İnsanların modern yaşamın içinde doğadan kopup, kendilerine ve çevrelerine yabancılaşmış olmaları, onları giderek daha yalnız ve bir takım ruhsal bozuklukların içinde var olmaya çabalayan bir duruma taşımıştır. Bu yalnızlaşma ve içine kapanma hali, kendi kendisini besleyen, içinden çıkılmaz, çırpındıkça kişiyi içine kapatan bir sancı hali olarak, Yağmur Yılan’ın resimlerinde sıkça karşımıza çıkmaktadır. Resimlerinde gördüğümüz kendi doğaları ve öznel alanları içinde kimi zaman ızdırap çeken, kimi zaman tedirgin edici bir açıda ve pozda görünen bedenler, ancak benzer durumların yaşanmışlığı içinde sezebildiğimiz ve empati kurabildiğimiz bir hissiyatı kurgulamaktadırlar.
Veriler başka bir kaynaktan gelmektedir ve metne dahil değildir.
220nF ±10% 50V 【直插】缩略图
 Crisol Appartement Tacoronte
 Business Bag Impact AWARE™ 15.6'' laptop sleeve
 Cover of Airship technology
Bu bedenlere bazı resimlerde, kendileri kadar yalnız ve acı içinde başka insanlar ve başka hayvanlar da eşlik etmekte, fakat hissedilen acıyı paylaşmak yerine, kendi içlerinde var olan başka hüzünlü derinliklerle onlara eşlik etmektedirler; yalnızlık paylaşılmamakta, paylaştıkça tuhaflaşmaktadır.

‘’Ochre Jaune’’ isimli sergisinde Yağmur Yılan’ın hemen her resminde var olan Ochre sarısı, hem topraktan gelmesiyle son derece organik, hem oksitlenmiş ve bozulmuş olmasıyla çokça yabancı ve deforme bir renk olarak, resimlerinin içselliğini izleyicisine doğrudan aktarmaktadır. Sergi 26 Mart -16 Nisan tarihine kadar görülebilir.